The thing that determines the answer is that the two people meet - their distances become equal. So you should begin with
Michael's distance = Robert's distance

Robert's distance is easy - just use d = vt and add 75 because he is starting out that far ahead.

Michael's distance is complicated because of the initial velocity and acceleration. Use the standard distance formula for accelerated motion: d = Vi*t + .5*a*t².

It looks like you will have a quadratic equation to solve. If you are just starting grade 11 math you may need to look up how to solve a quadratic on a calculator or using the general formula:

You can, of course, solve it by trial and error. A spreadsheet works really well for that.

I figured I would have to use the quadratic formula. I wasn't sure how to frame it kinematics wise. What are the a, b, and c values respectively in terms of velocity, acceleration, etc.

Ok i figured that the respective equations would be ∆t= 4.2 ∆D +75, and
75= -∆t +/- square root ∆t -2.28/2

tiny-tim
Homework Helper
Ok i figured that the respective equations would be ∆t= 4.2 ∆D +75, and
75= -∆t +/- square root ∆t -2.28/2
nooo (btw, why are you using all these ∆s? it's not normal, and it really doesn't help)

∆t= 4.2 ∆D +75 is completely wrong, isn't it?

and i can't work out what your second equation is just write two general equations, one for each runner (ignoring the other) …

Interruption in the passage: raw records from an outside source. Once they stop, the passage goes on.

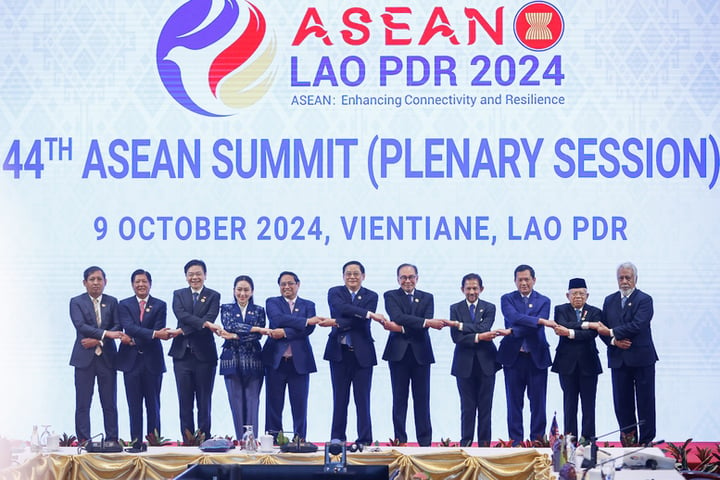 Chủ đề hợp tác năm 2024 "ASEAN: Thúc đẩy kết nối và tự cường". (Ảnh: VGP/Nhật Bắc)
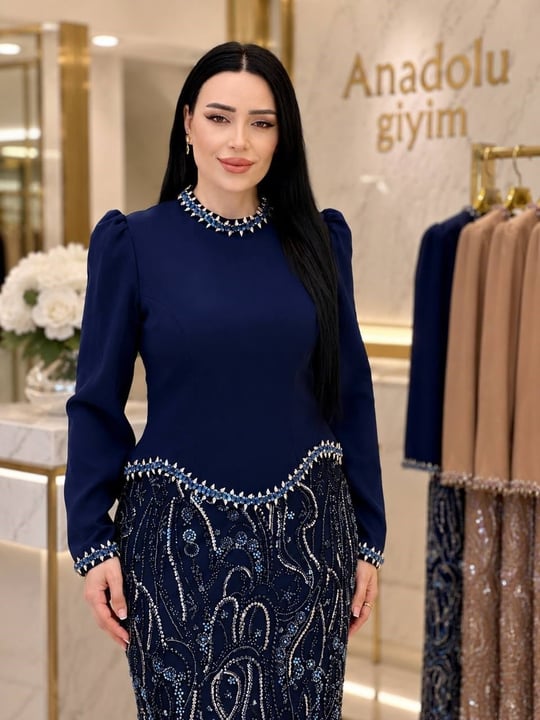 Eteği İşleme Takım Görünümlü Abiye 5531 T-26 Lacivert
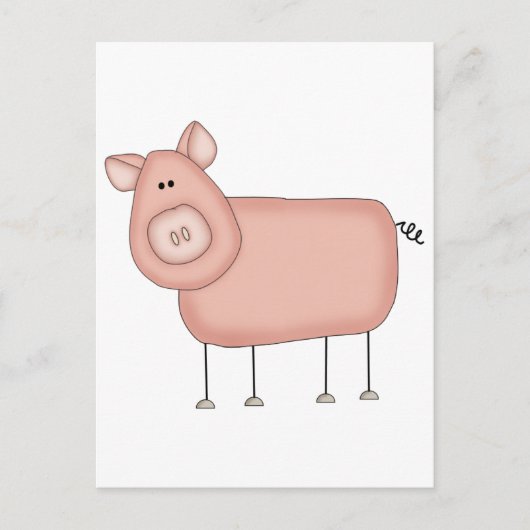 Carte Postale T-shirts et cadeaux de cochon rose (Devant)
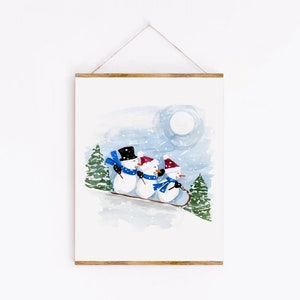 Sledding Snowmen Art Print Sabina Fenn Illustration Holiday Christmas Watercolor Gouache Painting Wall Decor image 2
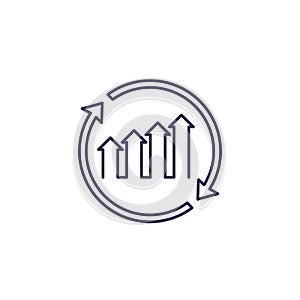 Continuous growth icon, line vector on white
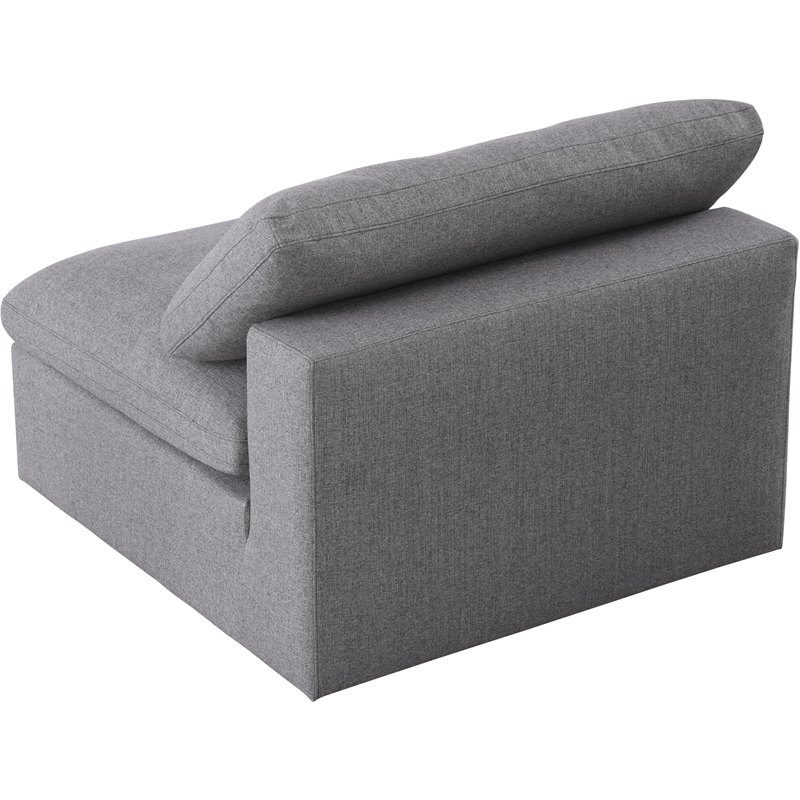 Meridian Furniture Serene Gray Durable Linen Fabric Deluxe Armless Chair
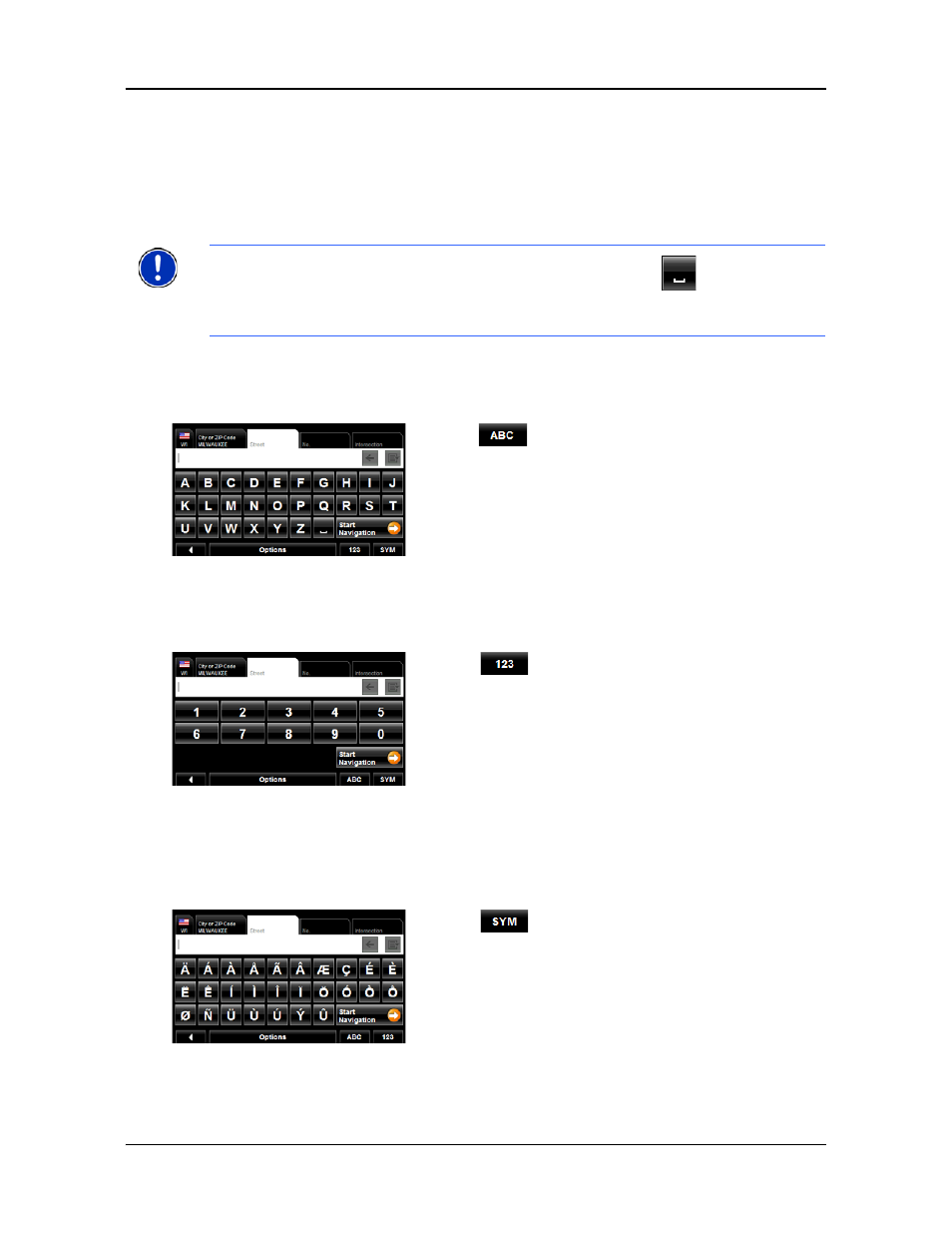 Using keyboards, Alphabetic keyboard, Numeric keyboard | Special character/symbol keyboard | Navigon 8100T User Manual | Page 47 / 182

when you have them, then you can decide how to use them​

Ok being completely new to physics, I am kind of lost. I am not really sure to how to get a general equation. Should they be in relation to time or distance

tiny-tim
Homework Helper
both …

each should be x = a function of t

(ie it tells you where it is at each time t )

Delphi51
Homework Helper
Michael's distance = Robert's distance
vt + .5*a*t² = vt + 75
3.8*t + .5*(.15)*t² = 4.25 + 75
collect like terms, all on one side, so you have an equation of the form
at² + bt + c = 0
Then use one of the methods of solving the quadratic for t.

Delphi51
Homework Helper
Oops, forgot a t in the previous post. Too late to edit. Should be like this:
Michael's distance = Robert's distance
vt + .5*a*t² = vt + 75
3.8*t + .5*(.15)*t² = 4.2t + 75
collect like terms, all on one side, so you have an equation of the form
at² + bt + c = 0
Then use one of the methods of solving the quadratic for t.